For Garcia Ayala, the ascent of Estrella de la Manana signaled a triumphant return to the Trango Group after an unsuccessful attempt on the Slovenian Route (VI 5.11 A0, 900m, Cankar-Knez-Srot, 1987 [FFA: VI 5.12, Albert-Gullich-Munchenbach, 1988]) of Nameless Tower (aka Trango Tower, [6239m]; see Issue 11’s Mountain Profile) in 2000. And, for Garcia Ayala’s climbing partner, Muhammad, the ascent of La Reina Roja marked his first big wall climb.
On July 18, following the left skyline of the southwest wall, Garcia Ayala and Muhammad fixed two pitches slightly right of Sadu to reach the line set by the de Choudens team; they then returned to the ground, forced down by poor weather that would restrict the their progress over the next three days. On their first day of climbing, Garcia Ayala and Muhammad ascended five pitches to a large belay ledge, where they bivouacked. On July 20 they climbed five more pitches but were forced to rappel two pitches–which they fixed–to set up a decent bivy, presumably above the summit of Sadu. On July 21 Garcia Ayala and Muhammad began what they assumed would be a four-pitch ascent to the summit. “We thought it was going to be only four more pitches [above our high point], but, in the end, it was seven pitches, and we reached the top at sunset, 7 p.m.” Garcia Ayala said. “We also forgot head lamps, and the rope stuck on three pitches (15, 14 and 11). The descent was very epic.” The team returned to Pitch 8 and their second bivouac at 1 a.m. on the 22nd, spending the remainder of the day descending the same route.

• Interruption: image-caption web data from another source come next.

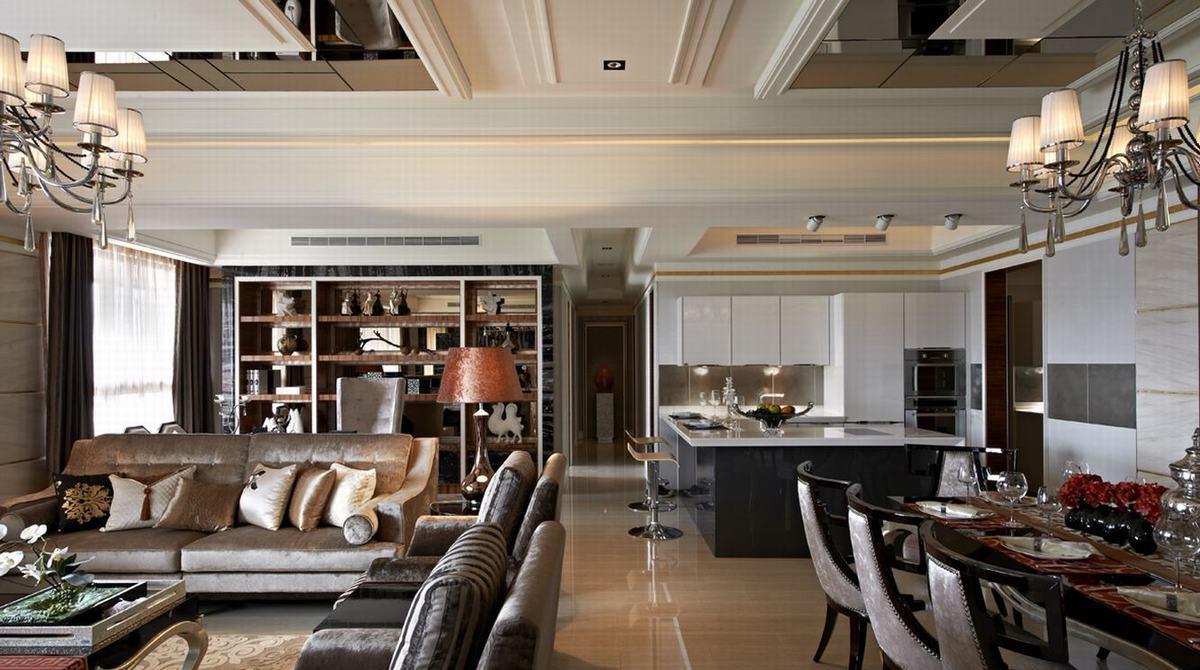 新东方风格豪宅设计,融合中西元素-12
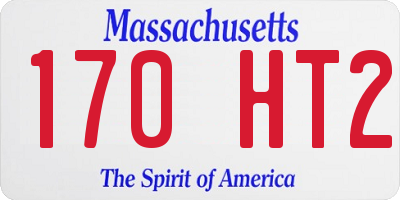 MA license plate 170HT2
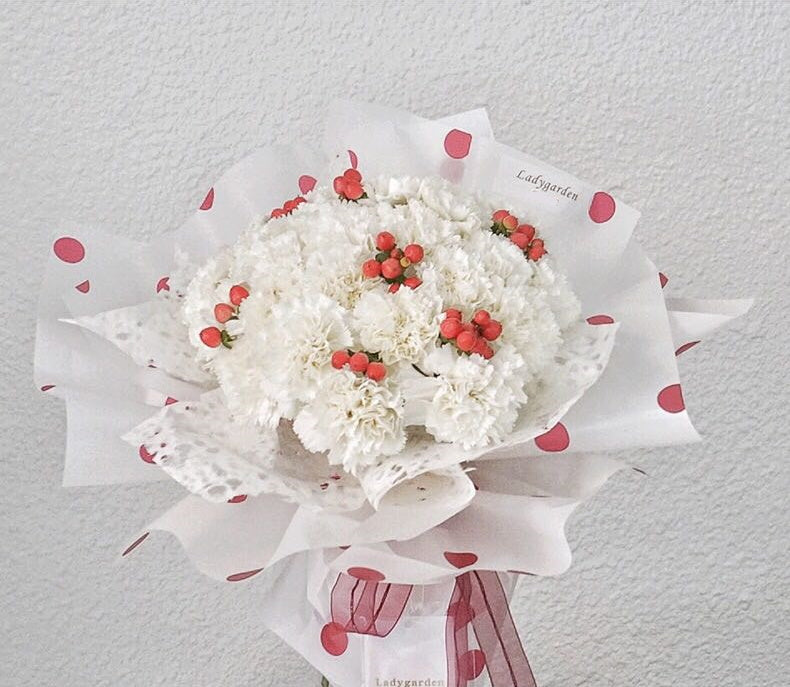 Happy Dot Flower Wrapping Paper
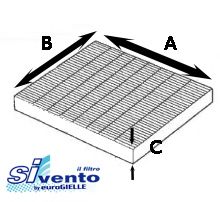 SIVENTO P321 Фильтр салона SIVENTO 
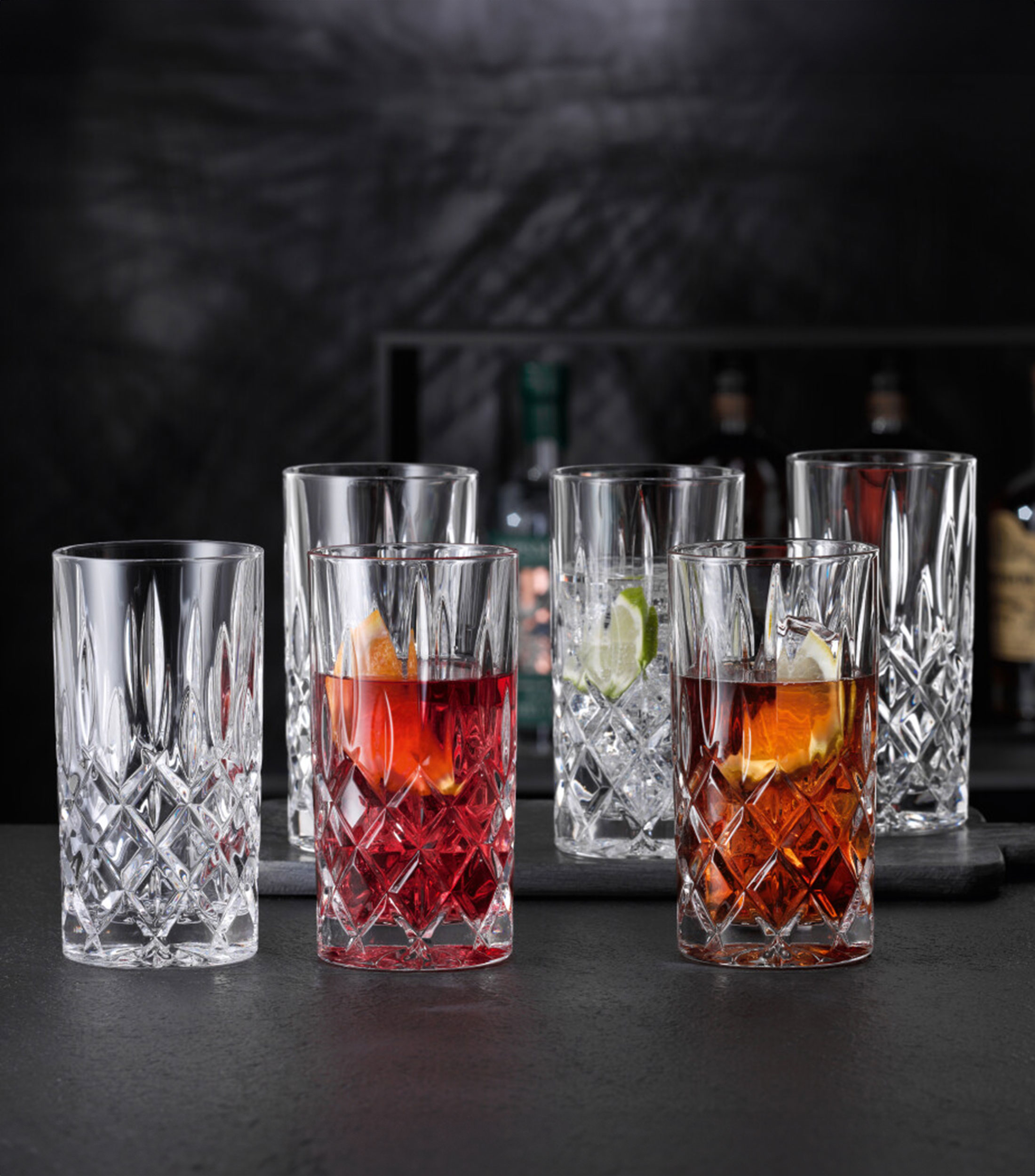 Set 12 vasos en Cristal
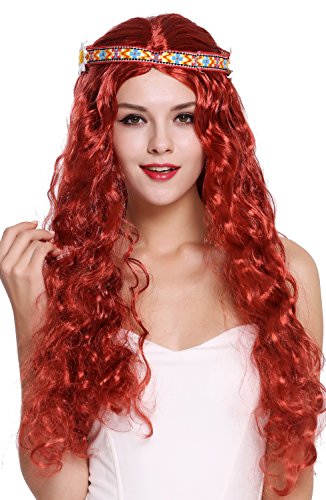 wig-me-up-91298-za350-hippie-per-cke-rot-wellig-60-cm-mit-stirnband image 6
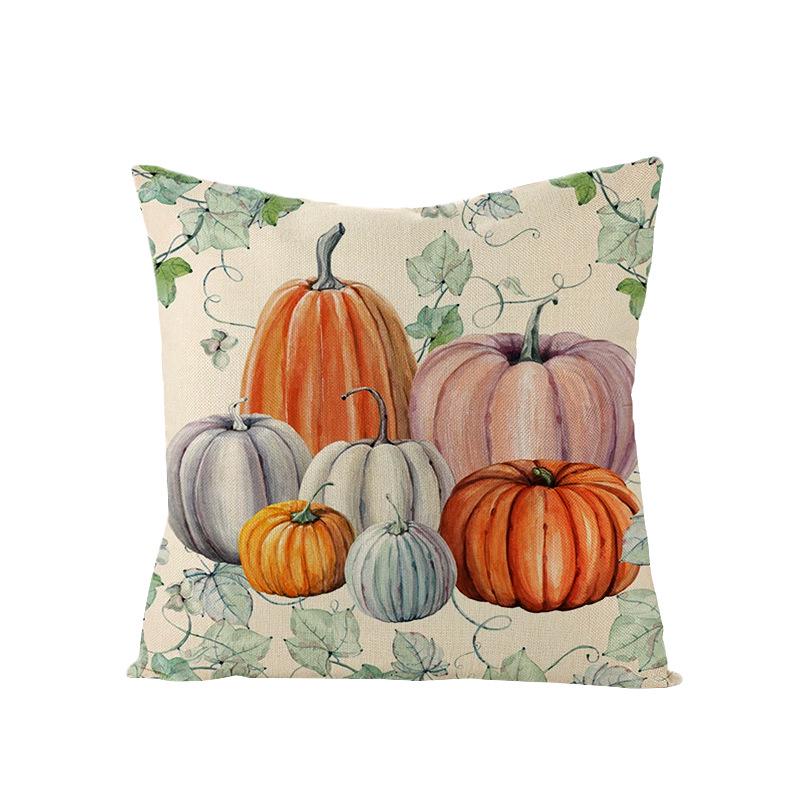 Home Thanksgiving Pumpkin Polyester Pillow Cover Home Sofa Pillow Cushion Cover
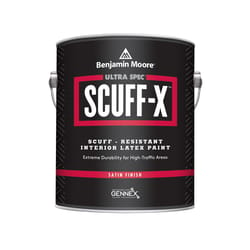 Benjamin Moore Ultra Spec Scuff-X Satin White Paint Interior 1 gal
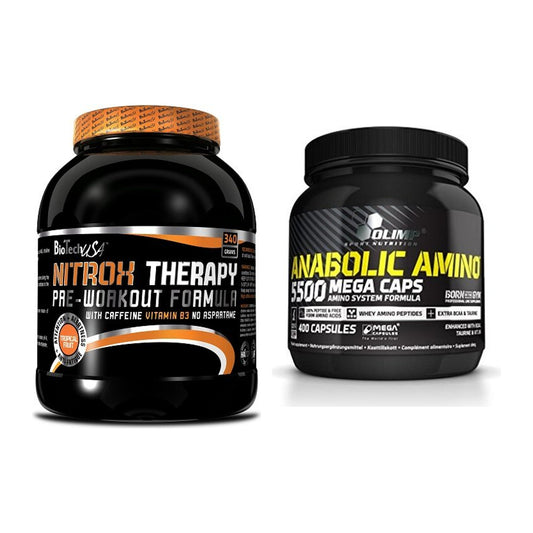Trainings-Set: BioTech NitroX Therapy + Olimp Anabolic Amino 5500 Mega – alle enthaltenen Artikel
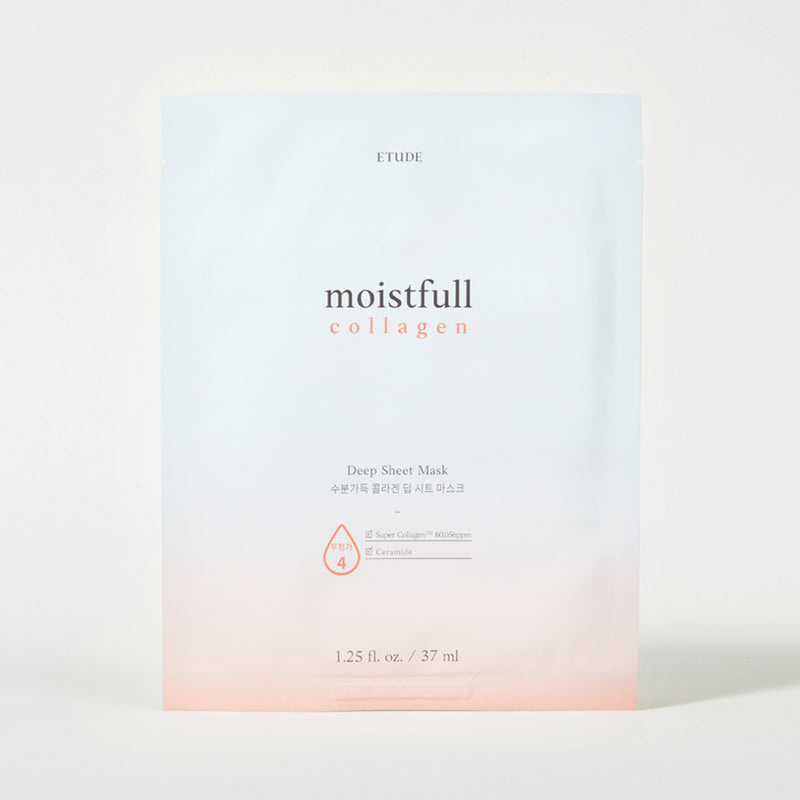 ETUDE Moistfull Collagen Deep Sheet Mask — official product photograph; package size unconfirmed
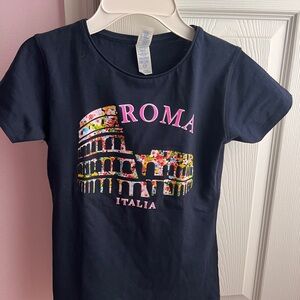 Navy Blue Roma Kids T-Shirt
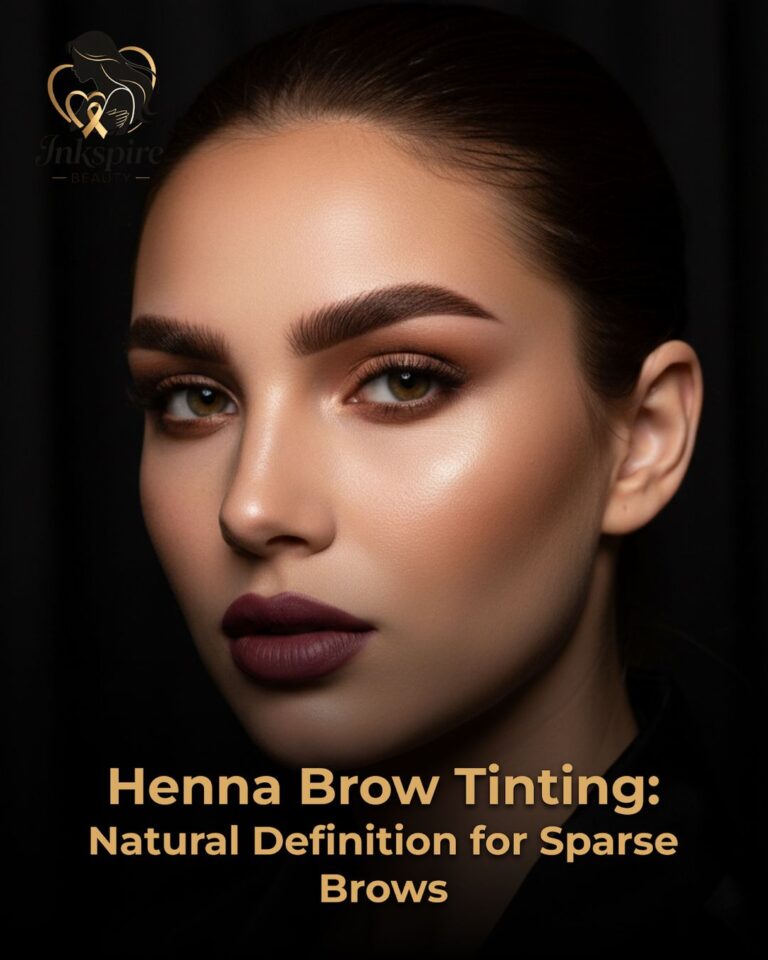 Henna Brow Tinting: Natural Definition for Sparse Brows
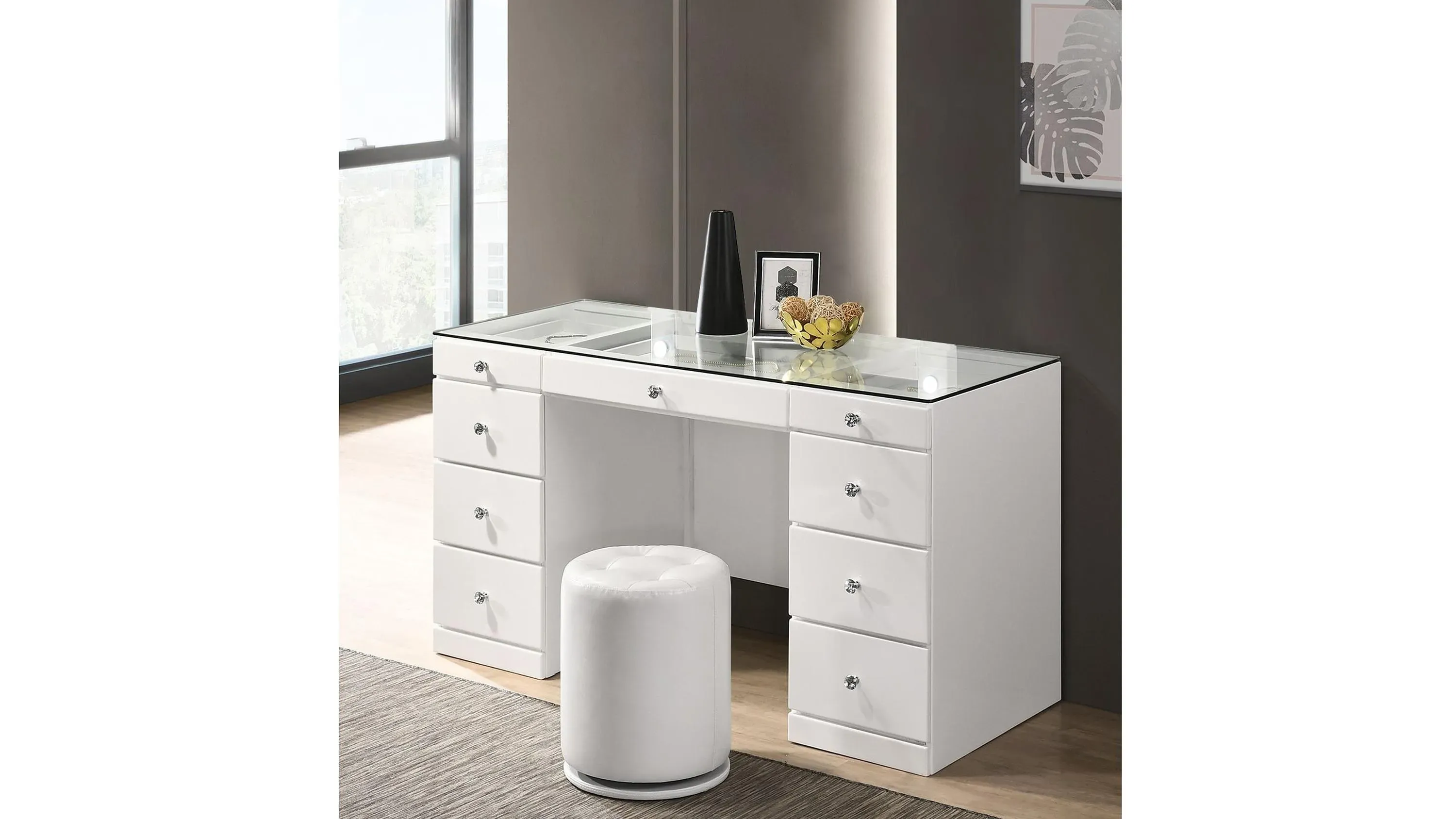 Diem large Vanity Table | Raymour & Flanigan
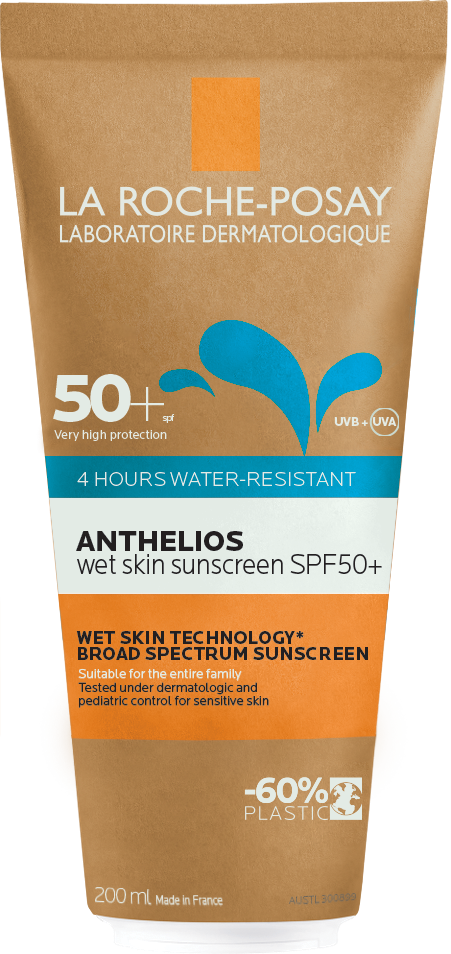 La Roche Posay Anthelios Wet Skin Sunscreen SPF 50+ Sustainable Tube Sunscreen 200ml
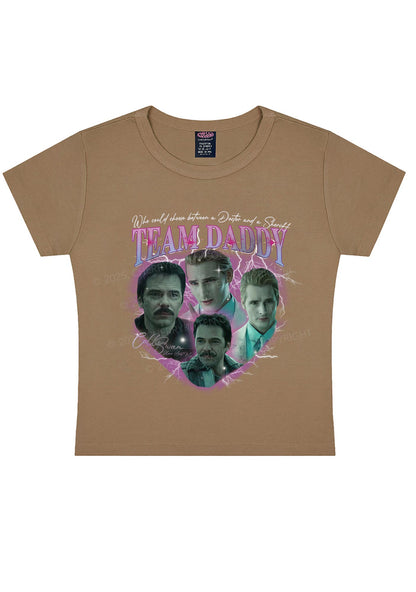 Team Daddy Y2K Baby Tee Cherrykitten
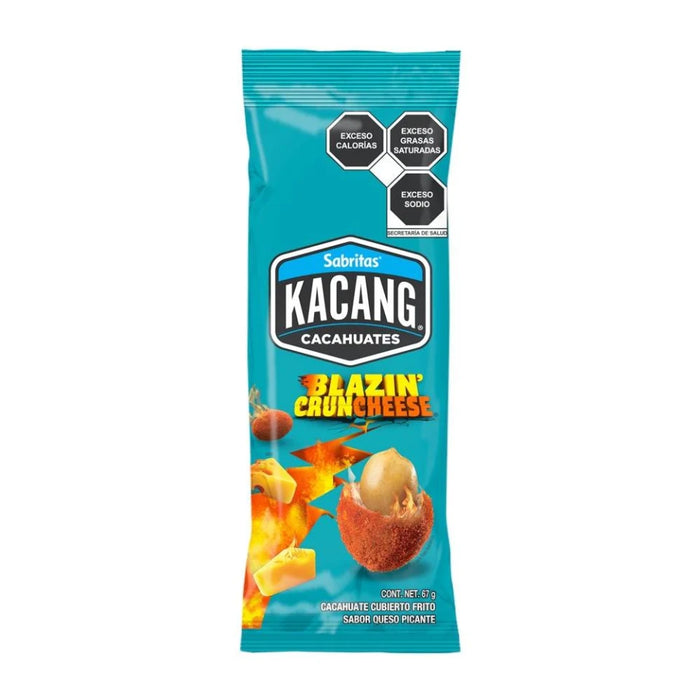 Kacang Cacahuates Bolzaza Blazin Crun Cheese Sabritas 67 g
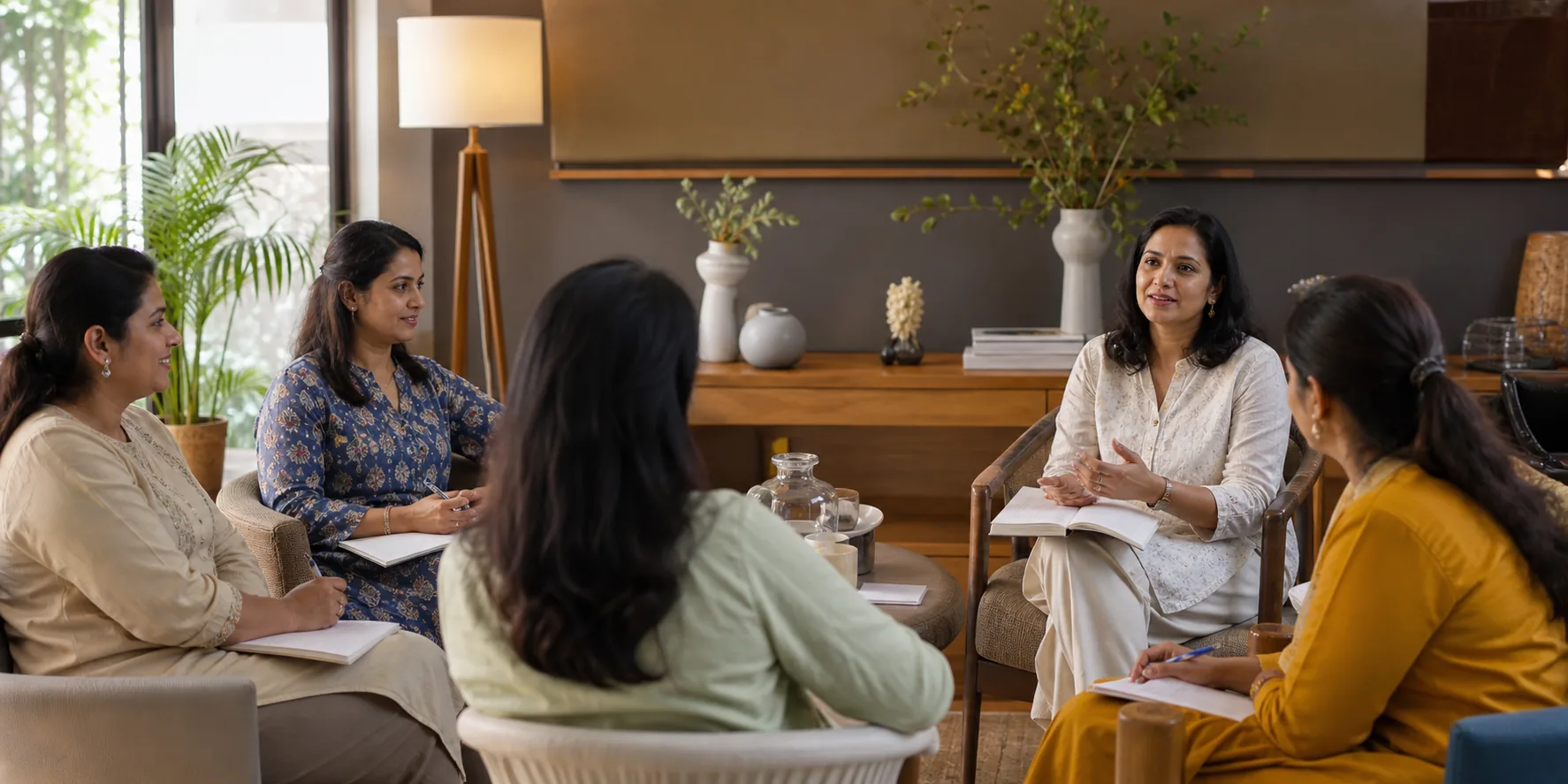 Indian women in a workshop discussion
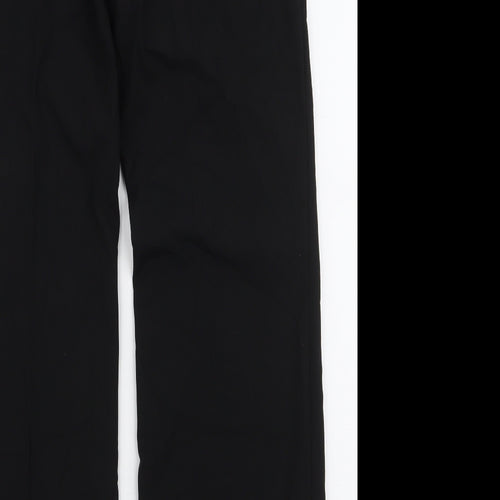 VILA Womens Black  Polyester Trousers  Size L L32 in Regular Zip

Garcia Ayala and Muhammad’s opening of Estrella de la Manana not only marks the first ascent of La Reina Roja, the wall above Sadu Peak, but also signals firsts for both climbers. Garcia Ayala, Armando Dattoli and Mario Onate’s expedition to Nameless Tower in 2000 was cut short by a lack of time and poor weather. It took Garcia Ayala seven years to return to the Trangos, with this recent climb as part of a project to open a new big wall route on each continent.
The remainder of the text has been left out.